Le pistolet finit au fond de la Seine et je passai plusieurs jours sans dormir, tremblant sur le canapé défoncé qui me servait de lit. J’avais touché le fond…

*

L’histoire de l’humanité est sinueuse. Rien n’est jamais acquis, rien n’est jamais perdu.
Ces mots que nous nous répétions à la veillée d’arme me paraissaient à présent empli d’une sagesse ancestrale.
C’était la fin de l’été.
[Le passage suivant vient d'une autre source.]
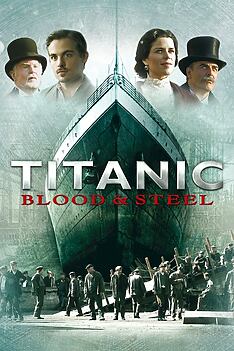 Serienplakat zu Titanic: Blood and Steel
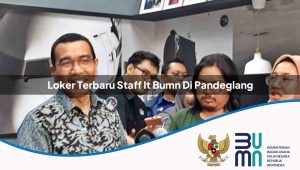 Loker Terbaru Staff IT BUMN di Pandeglang 2025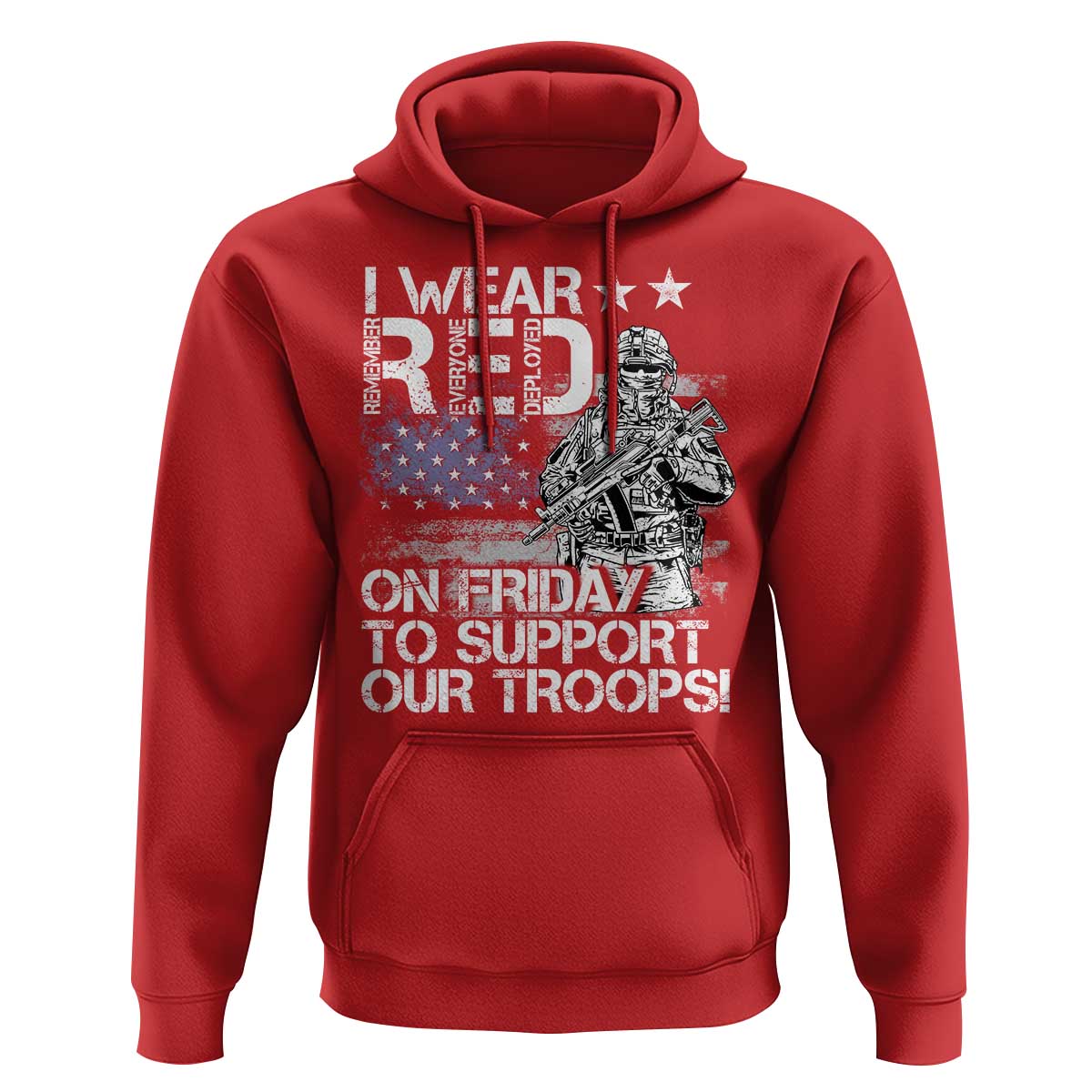 RED Fridays Hoodie I Wear Red On Friday To Support Our Troops Military American Flag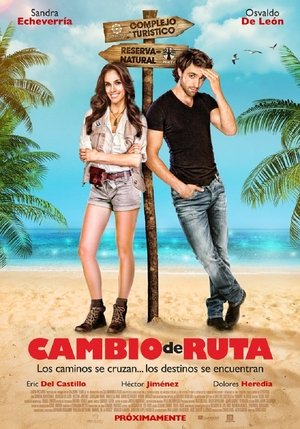 Watch Free Cambio de ruta (2014)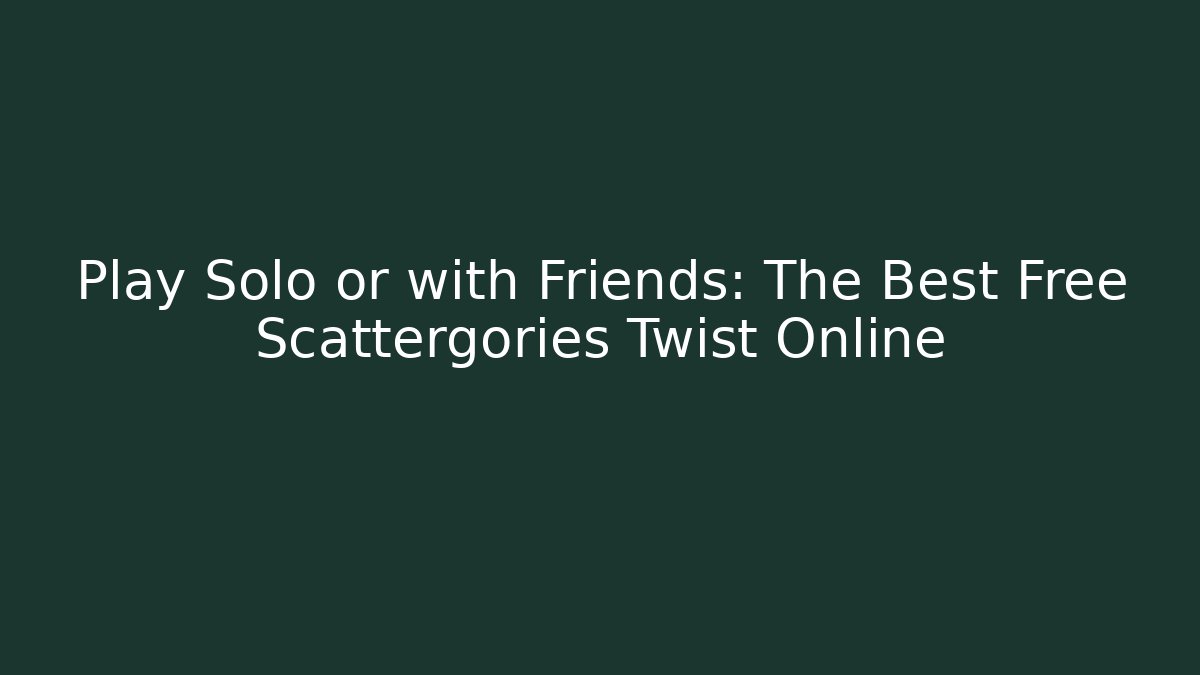 Play Solo or with Friends: The Best Free Scattergories Twist Online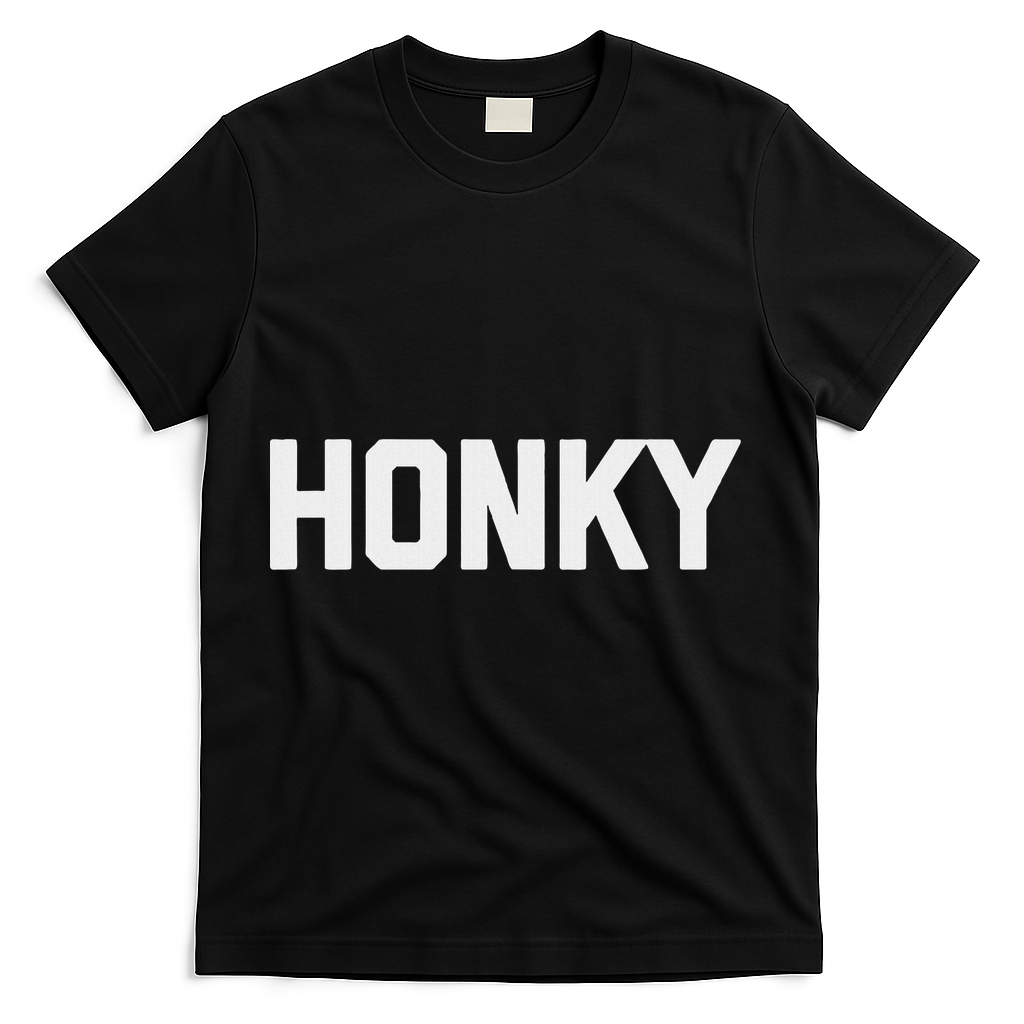 Honky Funny Saying Sarcastic Novelty Humor Cool T-Shirt - Black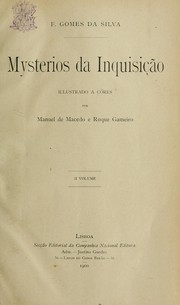 Mysterios da Inquisição by Francisco Gomes da Silva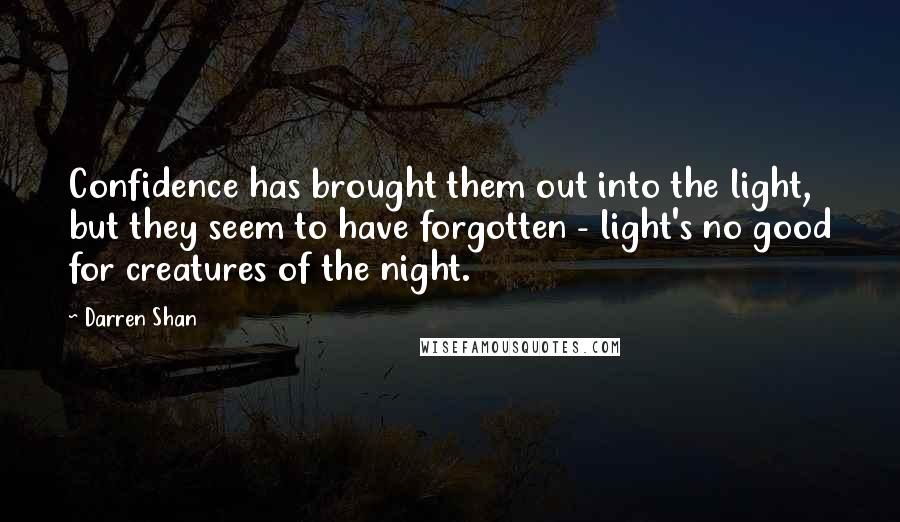 Darren Shan Quotes: Confidence has brought them out into the light, but they seem to have forgotten - light's no good for creatures of the night.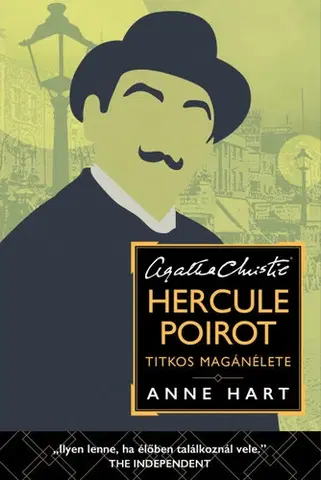 Detektívky, trilery, horory Hercule Poirot titkos magánélete - Agatha Christie rajongóinak - Anne Hartová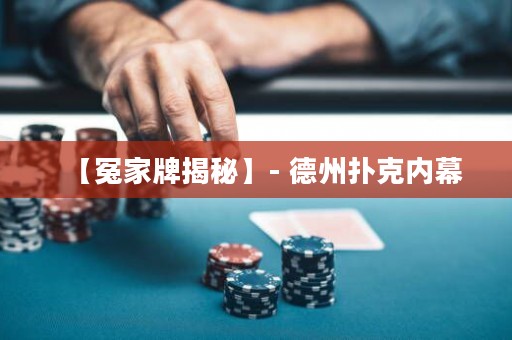 【冤家牌揭秘】- 德州撲克內(nèi)幕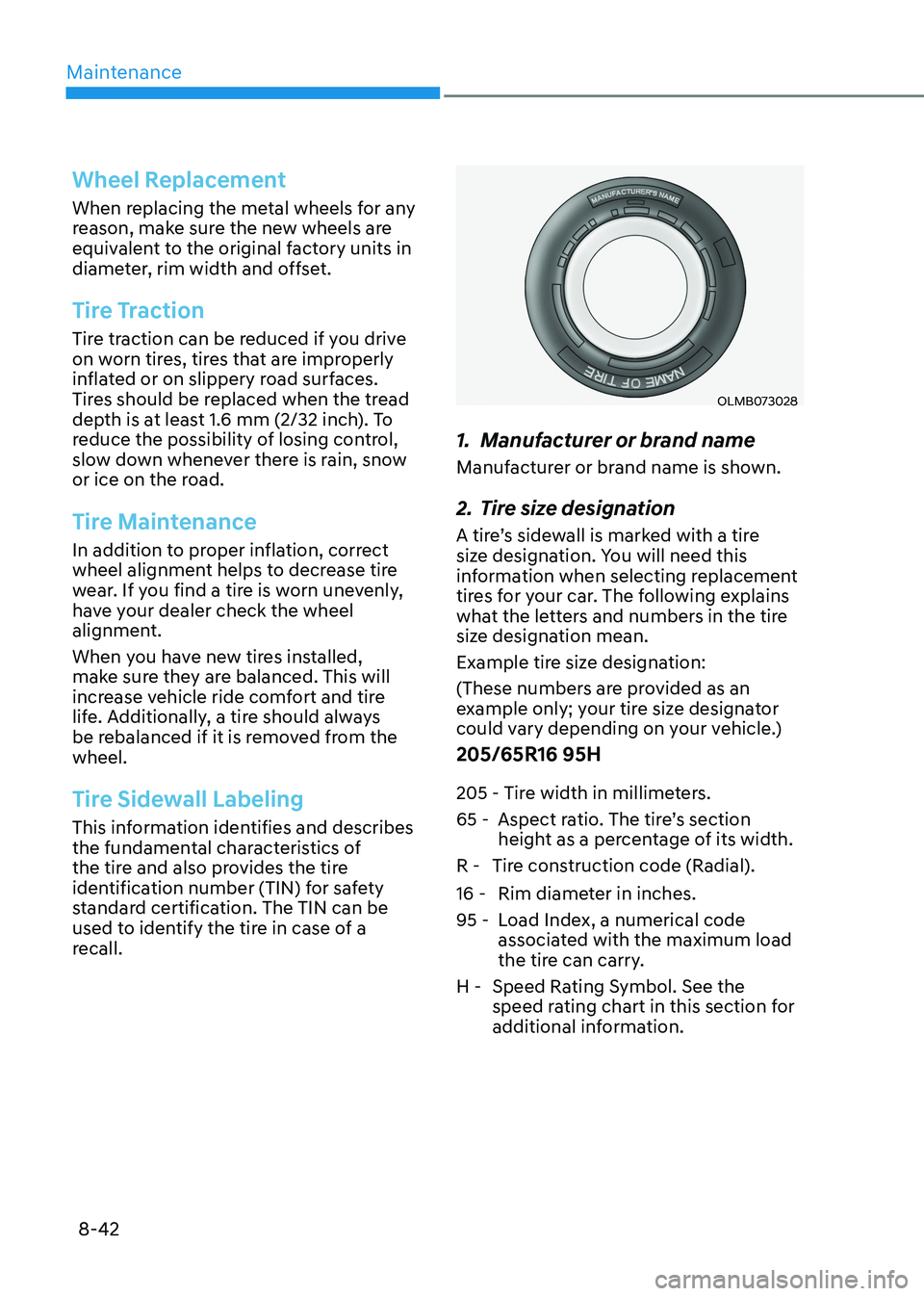 HYUNDAI SONATA 2023 Owners Manual Maintenance
8-42
Wheel Replacement
When replacing the metal wheels for any
reason, make sure the new wheels are
equivalent to the original factory units in
diameter, rim width and offset.
Tire Tra HYUNDAI SONATA 2023 Owners Manual Maintenance
8-42
Wheel Replacement
When replacing the metal wheels for any
reason, make sure the new wheels are
equivalent to the original factory units in
diameter, rim width and offset.
Tire Tra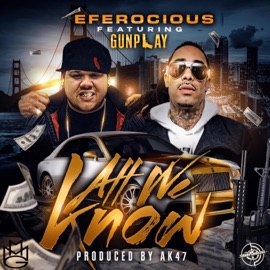 ALL WE KNOW (feat. GUNPLAY) E-Ferocious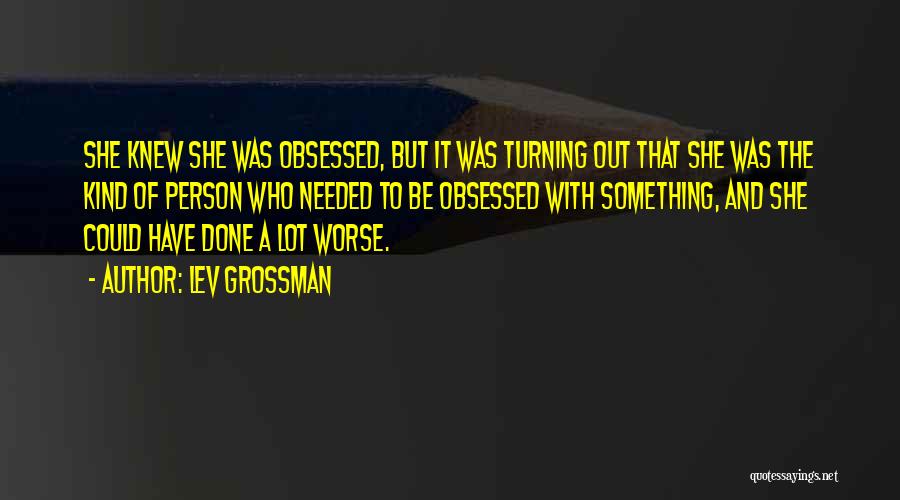 Lev Grossman Quotes: She Knew She Was Obsessed, But It Was Turning Out That She Was The Kind Of Person Who Needed To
Paris était baigné de lumière, les filles allaient court vêtue sous le regard goguenard des hommes attablés à la terrasse des cafés.
Fraîchement rasé, je marchais d’un pas décidé vers l’Hôtel des Invalides.
Je remontai la file des candidats, reconnaissant quelques visages parmi la foule avec qui j’échangeai un clin d’œil discret. Je patientai une bonne heure, piétinant d’impatience, avant que mon tour ne vienne.
Au guichet, on me tendit un formulaire.

« Sais-tu ce que tu t’apprêtes à faire, me demanda le préposé d’une voix rude ?

– Oui, répondis-je.

– Les colons chinois d’Afrique ont envahi l’Egypte, déclama-t-il comme s’il ne m’avait pas entendu. La ligue Arabe leur a déclaré la guerre. L’Europe honore son alliance et vient à l’aide de nos alliés du Caire…

– L’Union n’a surtout pas envie de voir une nouvelle puissance accéder à la Méditerranée, fis-je en souriant.

– Peu importe. Es-tu prêt à t’engager corps et âme et à servir…

– Sans aucune hésitation » coupai-je.

D’une main qui ne tremblait pas, je signai le formulaire.

« Bienvenu parmi nous, deuxième classe Totor » fit le sergent instructeur en m’indiquant l’entrée des volontaires.